I'm analysing an RNA-Seq dataset and want to do preranked GSEA to find out what pathways are changing in my dataset.
I've read that this type of analysis should be done using ALL the genes detected in the experiment, not just DE genes. This makes sense to me for relatively simple experiments (ie condition A vs condition B). However, my experiment involved 5 conditions. As such, I've performed K-means clustering to pick out expression patterns and have decided on some interesting clusters to compare with one another.
Some clusters are paired because they are upregulated/downregulated in condition A vs B, but are clustered separately to the rest of the genes due to their expression patterns in C,D and E. Just for clarity, A/B is control versus stimulus and C/D/E are drug conditions.
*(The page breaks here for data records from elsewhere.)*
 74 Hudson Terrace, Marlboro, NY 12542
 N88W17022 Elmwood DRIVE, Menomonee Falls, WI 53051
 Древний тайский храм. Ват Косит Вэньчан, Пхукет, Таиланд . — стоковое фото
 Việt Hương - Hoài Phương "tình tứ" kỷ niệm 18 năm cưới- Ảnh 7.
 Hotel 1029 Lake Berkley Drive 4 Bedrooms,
I'm interested in genes which are affected by the stimulus but grouped by their sensitivity to drugs. Thus, I end up with clusters which equate to Up+drug-insensitive/down+drug-insensitive or Up+drug-sensitive/down/drug-sensitive etc...
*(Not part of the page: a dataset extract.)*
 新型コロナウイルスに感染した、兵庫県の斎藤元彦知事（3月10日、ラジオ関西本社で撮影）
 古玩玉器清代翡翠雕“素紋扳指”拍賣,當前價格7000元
I thought I would run these clusters in a pre-ranked GSEA, with the ranking statistic being the Log2FC (or some other statistic) of the control vs stimulated comparison. However, I'm a little concerned that I'm violating the statistical assumptions of GSEA by filtering in this way.
Any thoughts?
Which filtering are you referring to?
If you mean clustering, then that is comparable to what you would do if you were to sort the populations for bulk RNA-seq, which is a common approach.